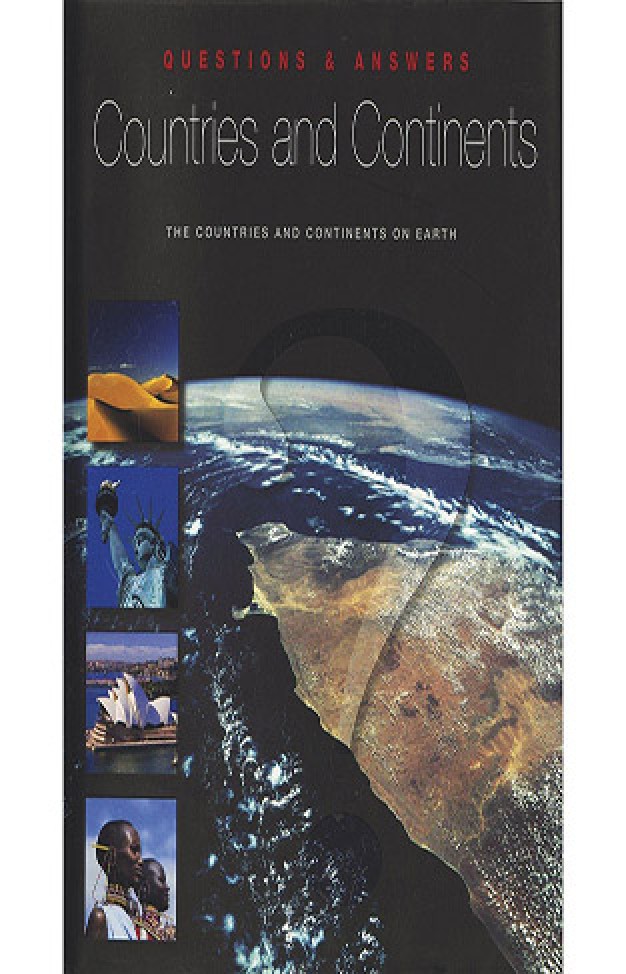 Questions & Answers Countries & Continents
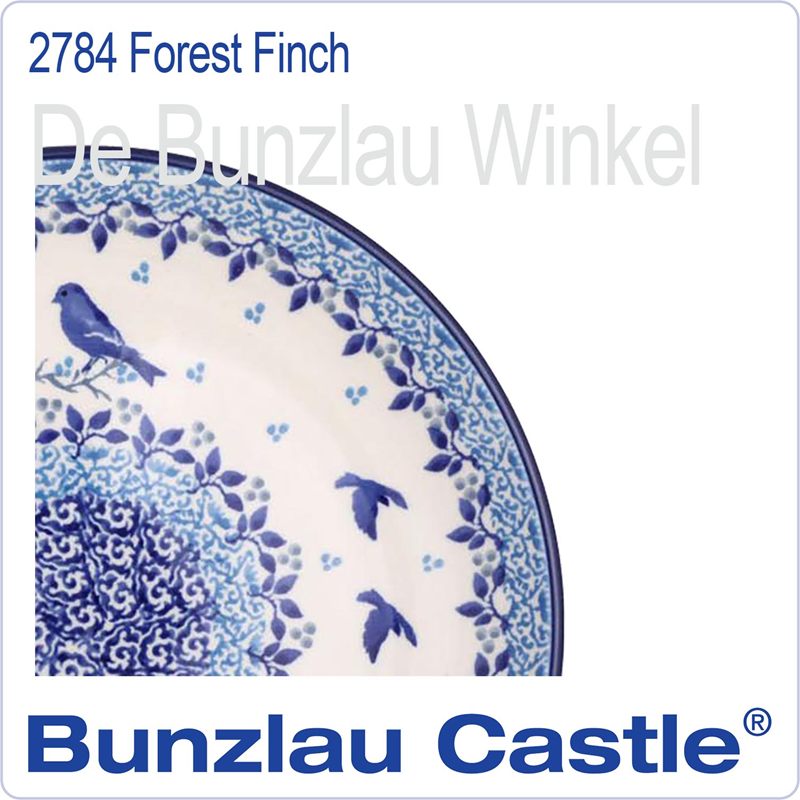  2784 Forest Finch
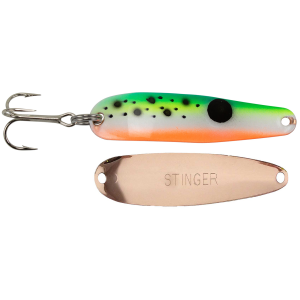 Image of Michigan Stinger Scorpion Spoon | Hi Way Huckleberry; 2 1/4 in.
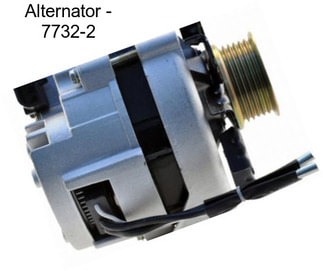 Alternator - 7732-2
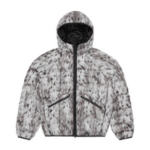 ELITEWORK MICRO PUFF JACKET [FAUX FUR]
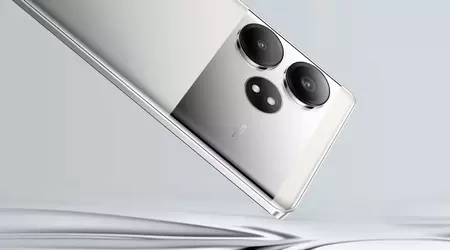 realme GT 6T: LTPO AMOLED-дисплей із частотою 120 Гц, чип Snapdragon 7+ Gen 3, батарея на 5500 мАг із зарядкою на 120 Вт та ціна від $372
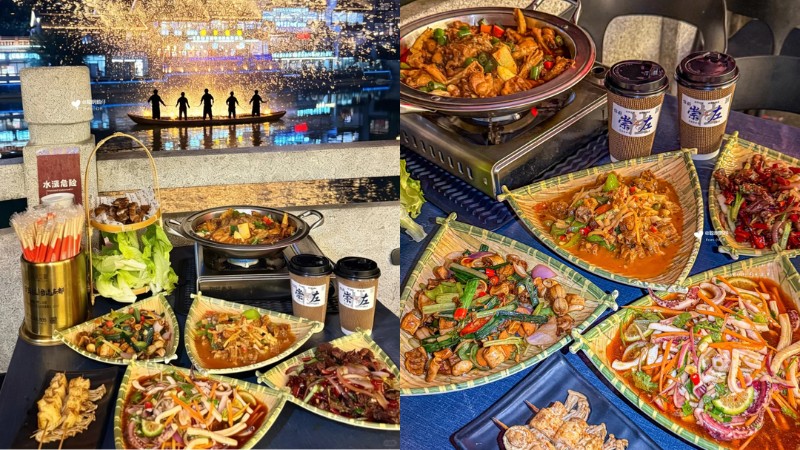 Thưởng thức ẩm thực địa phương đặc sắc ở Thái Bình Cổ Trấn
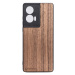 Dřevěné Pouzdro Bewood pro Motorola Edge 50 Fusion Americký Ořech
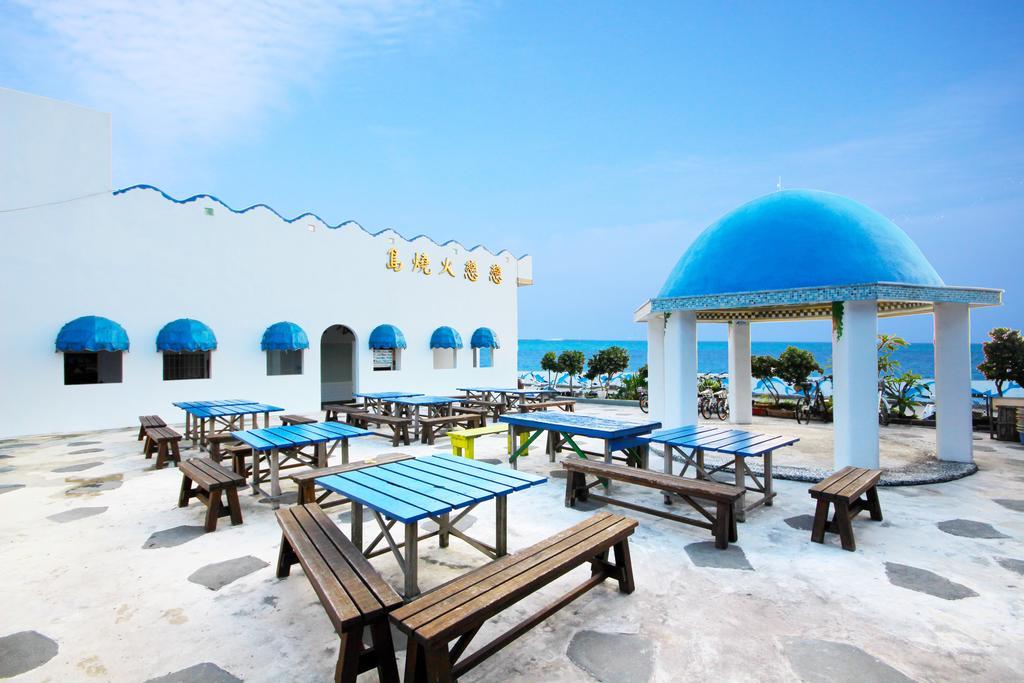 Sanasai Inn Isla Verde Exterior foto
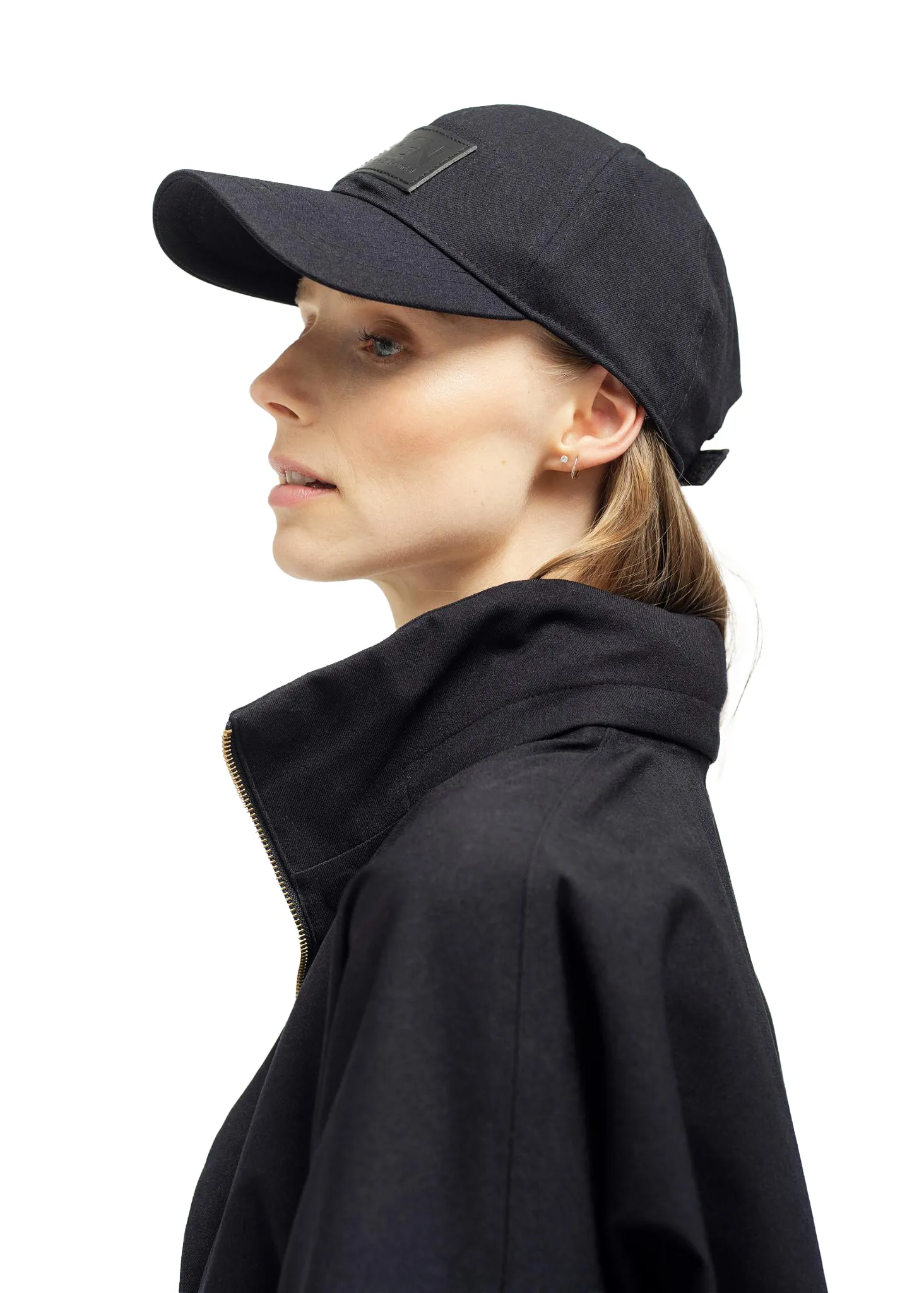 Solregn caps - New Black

• **Task description**: Copy exactly the lines from the line that contains "realme GT 6T: LTPO" through the last line of the records above, both ends included, but leave out the pictures.

• **Worked solution**:
 realme GT 6T: LTPO AMOLED-дисплей із частотою 120 Гц, чип Snapdragon 7+ Gen 3, батарея на 5500 мАг із зарядкою на 120 Вт та ціна від $372
 Thưởng thức ẩm thực địa phương đặc sắc ở Thái Bình Cổ Trấn
 Dřevěné Pouzdro Bewood pro Motorola Edge 50 Fusion Americký Ořech
 Sanasai Inn Isla Verde Exterior foto
 Solregn caps - New Black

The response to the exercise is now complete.